**EXERCISE INPUTS:**
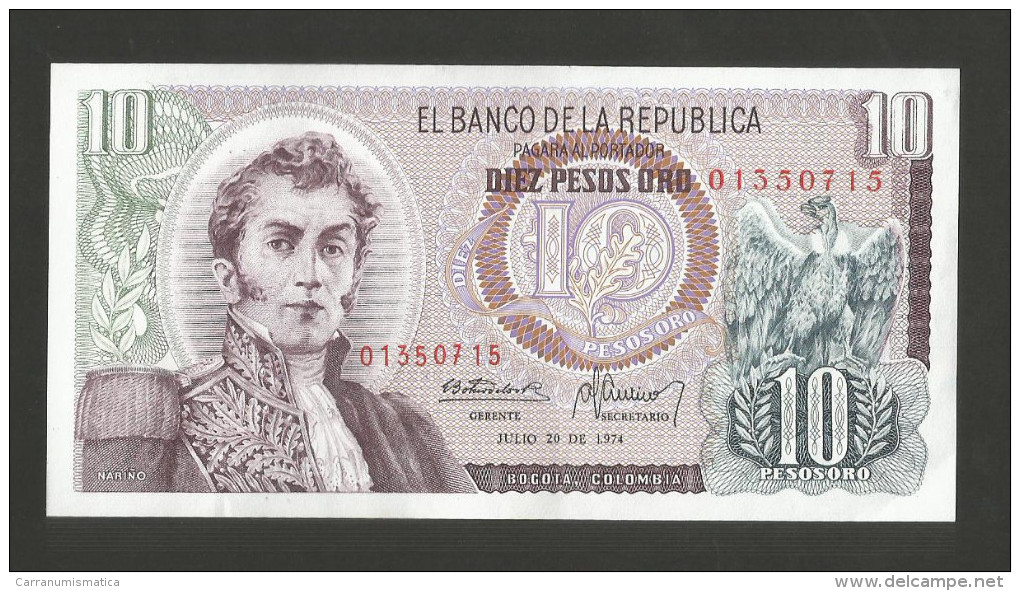 COLOMBIA - El BANCO De La REPUBLICA - 10 PESOS De ORO (1974) - NARINO - Colombie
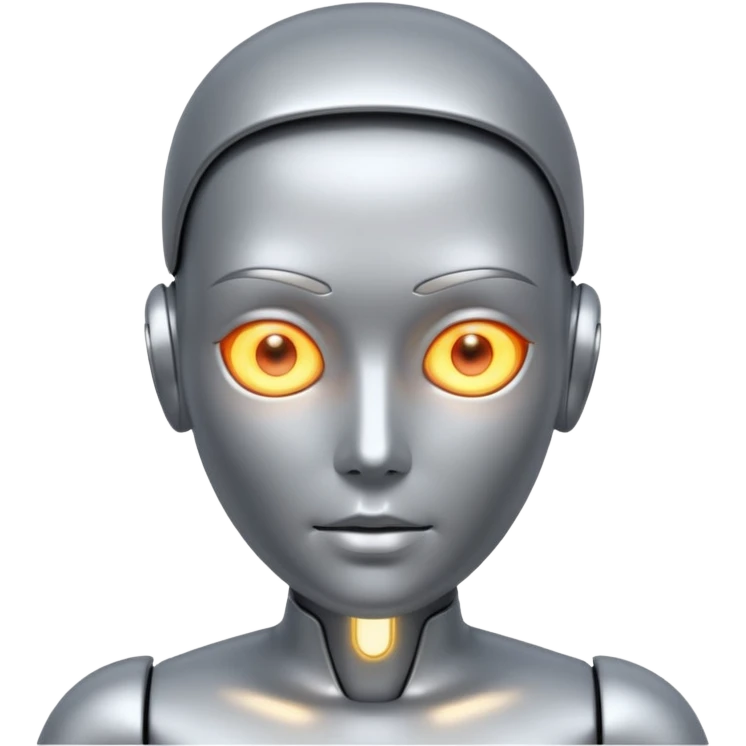 Robots Humanoid – Silver android with glowing eyes, human shape emoji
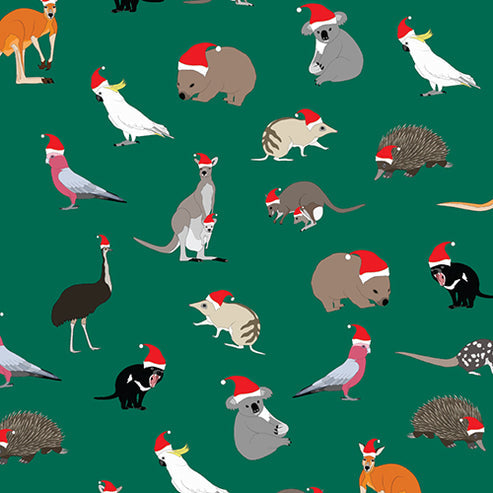 Red Parka Gift Wrap - Xmas Aust Animals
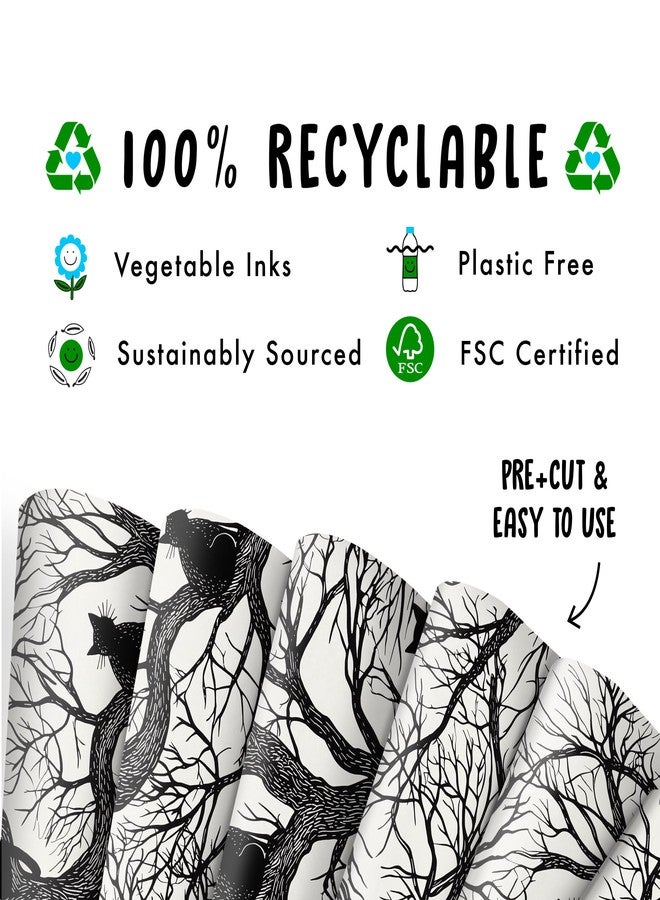 CENTRAL 23 Cat Wrapping Paper - 6 Sheets Of Gift Wrap - Black Cats In Trees - Gothic Spooky Halloween - Fall Wrapping Paper For Men Women - Comes With Stickers - Recyclable - Image 3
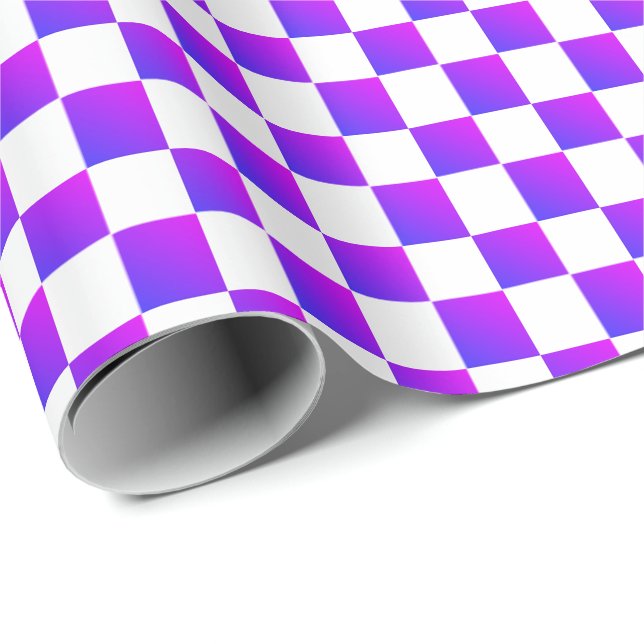 Papel De Regalo Comprobación púrpura y blanca (Esquina del rollo)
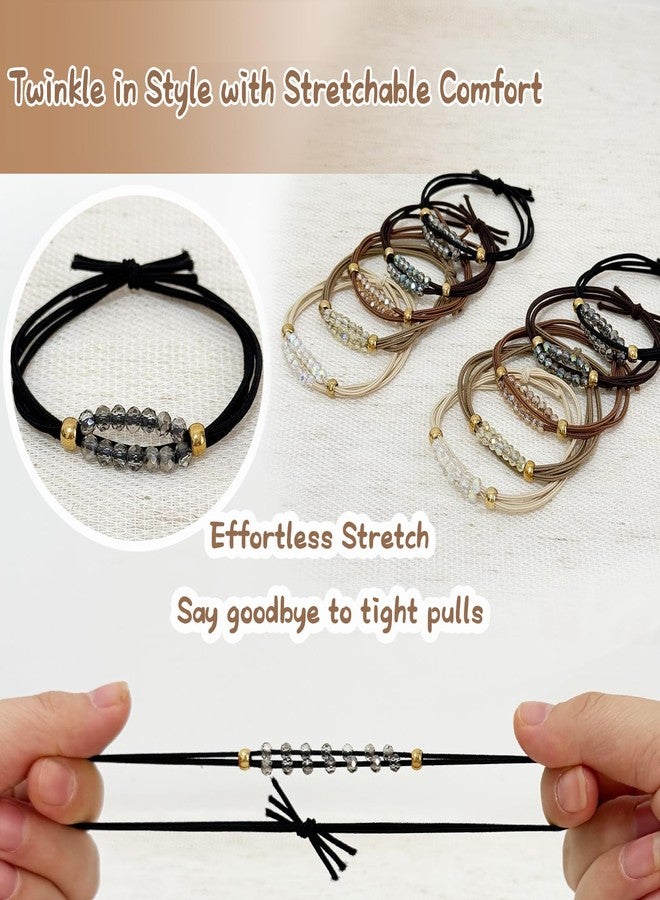 UDeBe Elegant Elastic Hair Ties with Sparkling Crystal Beads – 10-Piece Boho Neutral Set, Durable Ponytail Holders for Women - Image 4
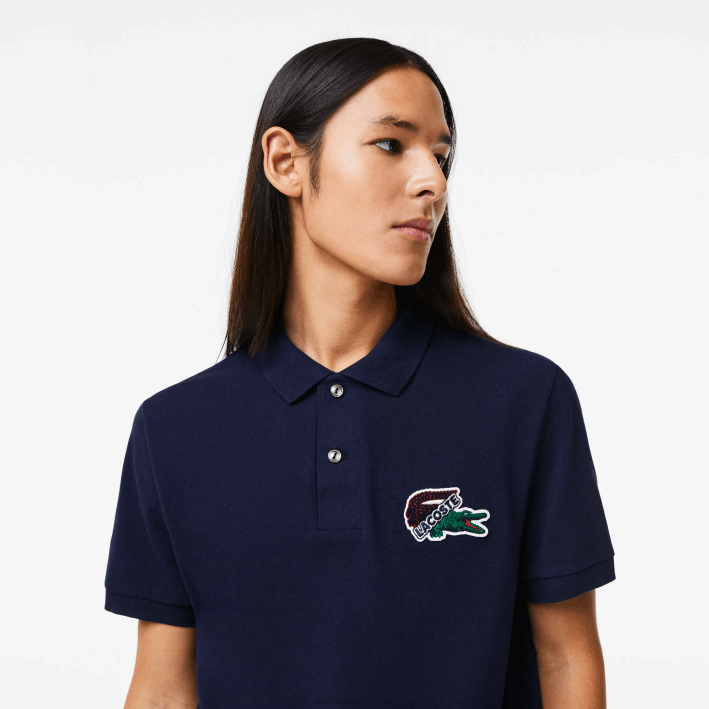 hombres Lacoste 6F24573 azul marino 166 polo de piqué de algodón orgánico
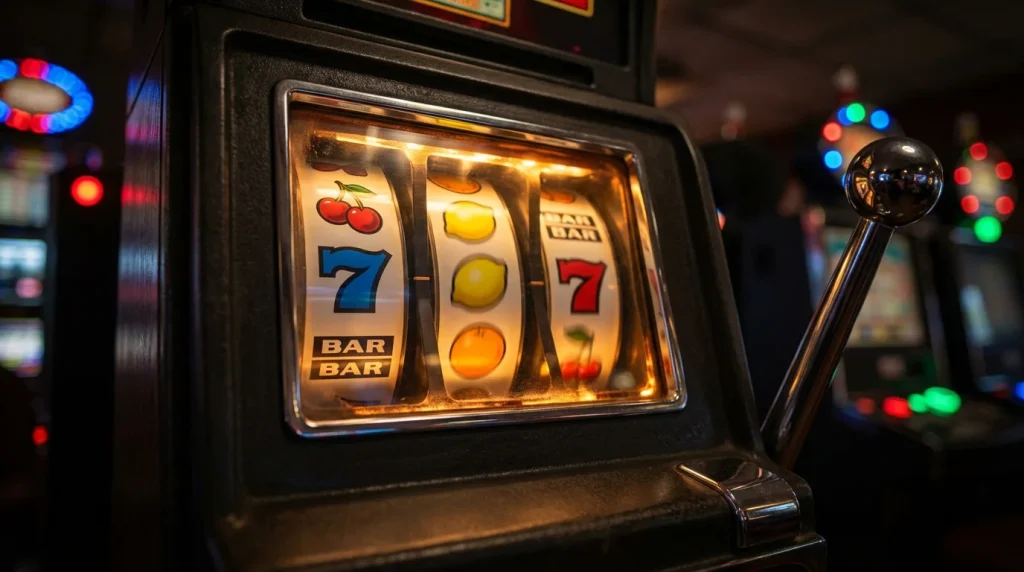 Slot machine reels frozen mid-spin with cherry symbols under bright lights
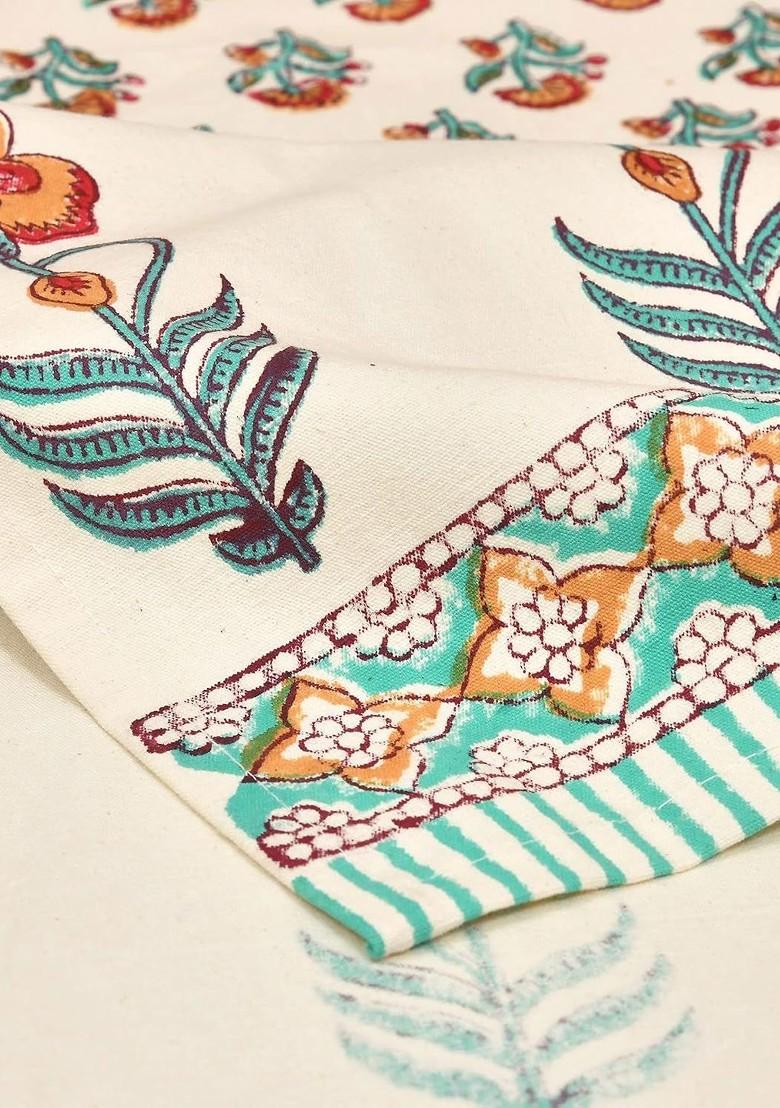 Cream Coloured And Turquoise Blue Floral Printed Pure Cotton Table Runner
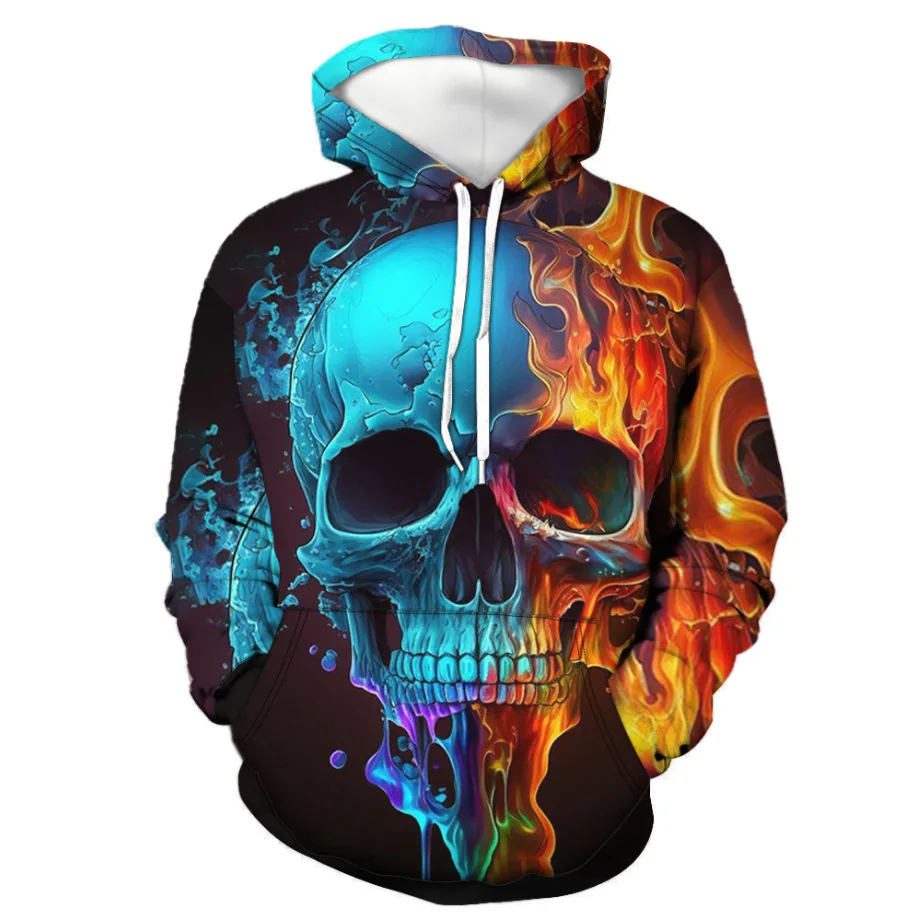 AW621 2024 Spring New Men's Personalized Skull Head Water Fire Double Combination 3D Digital Printed Hoodie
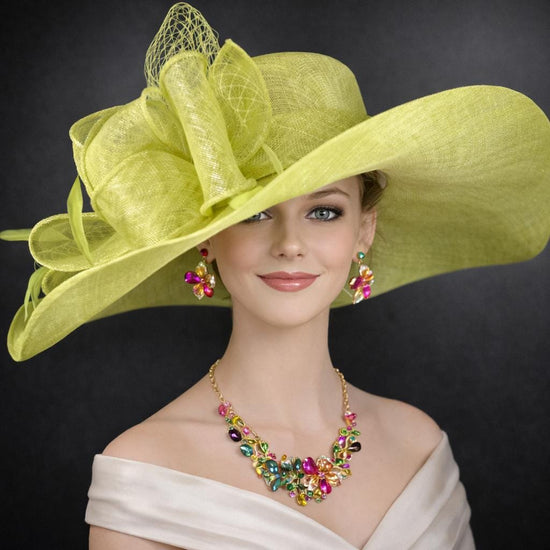 Lime Green Wide Brim Kentucky Derby Hat,Ascot Hat for Wedding & Tea Party, Garden Party Hat, Mother of the Bride, Church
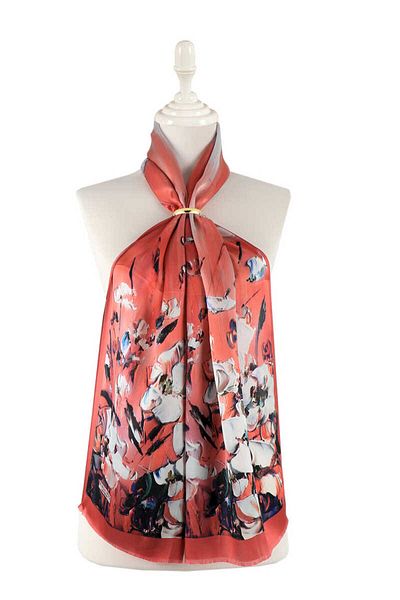 Bursa İpek Coral Anemone Pattern Silk Scarf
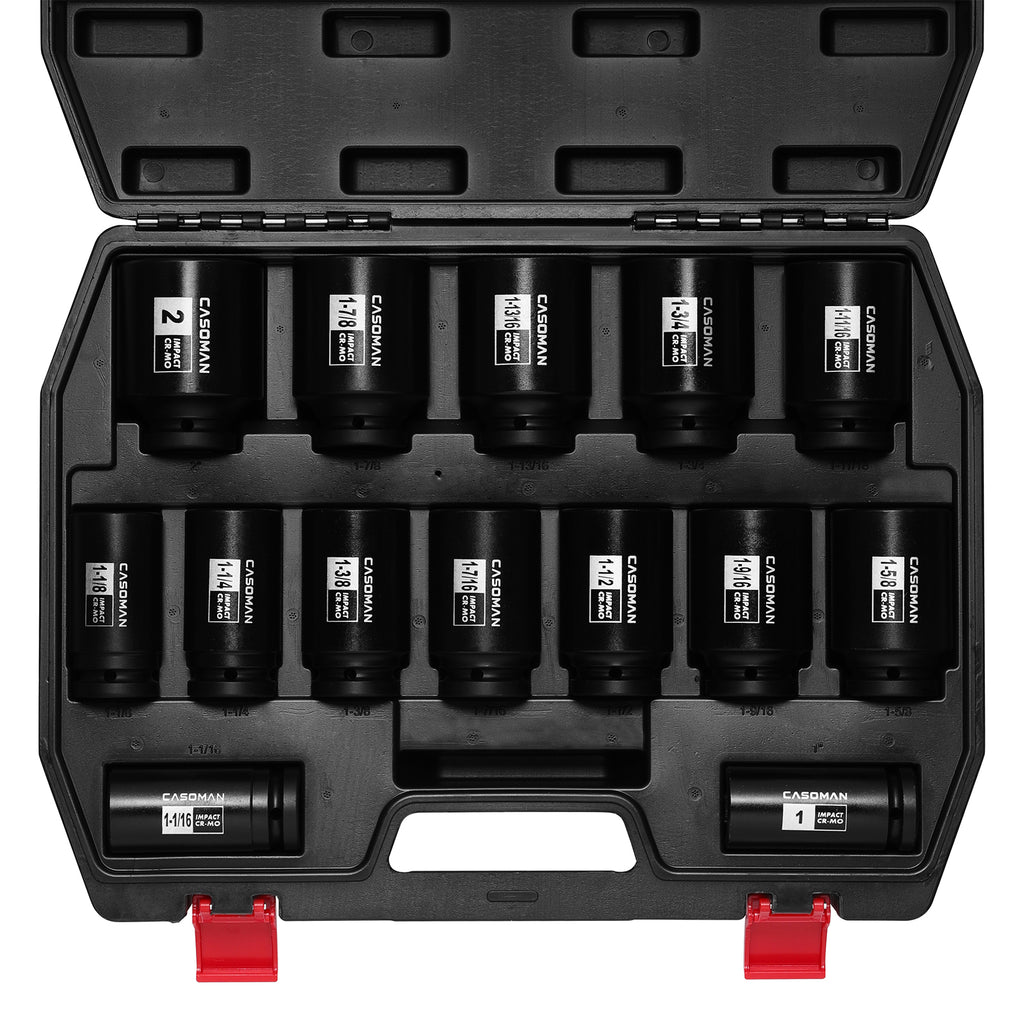 CASOMAN 14PCS 3/4" Drive Deep Spindle Axle Nut Impact Socket Set, 6 Point, CR-MO, 1" to 2", SAE, Large Socket Set, Heavy Duty Use in Removing and Installing Axle Nuts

**WORK REQUEST:** Could you write the entries out again exactly, without their pictures?

**SOLUTION:**
 COLOMBIA - El BANCO De La REPUBLICA - 10 PESOS De ORO (1974) - NARINO - Colombie
 Robots Humanoid – Silver android with glowing eyes, human shape emoji
 Red Parka Gift Wrap - Xmas Aust Animals
 CENTRAL 23 Cat Wrapping Paper - 6 Sheets Of Gift Wrap - Black Cats In Trees - Gothic Spooky Halloween - Fall Wrapping Paper For Men Women - Comes With Stickers - Recyclable - Image 3
 Papel De Regalo Comprobación púrpura y blanca (Esquina del rollo)
 UDeBe Elegant Elastic Hair Ties with Sparkling Crystal Beads – 10-Piece Boho Neutral Set, Durable Ponytail Holders for Women - Image 4
 hombres Lacoste 6F24573 azul marino 166 polo de piqué de algodón orgánico
 Slot machine reels frozen mid-spin with cherry symbols under bright lights
 Cream Coloured And Turquoise Blue Floral Printed Pure Cotton Table Runner
 AW621 2024 Spring New Men's Personalized Skull Head Water Fire Double Combination 3D Digital Printed Hoodie
 Lime Green Wide Brim Kentucky Derby Hat,Ascot Hat for Wedding & Tea Party, Garden Party Hat, Mother of the Bride, Church
 Bursa İpek Coral Anemone Pattern Silk Scarf
 CASOMAN 14PCS 3/4" Drive Deep Spindle Axle Nut Impact Socket Set, 6 Point, CR-MO, 1" to 2", SAE, Large Socket Set, Heavy Duty Use in Removing and Installing Axle Nuts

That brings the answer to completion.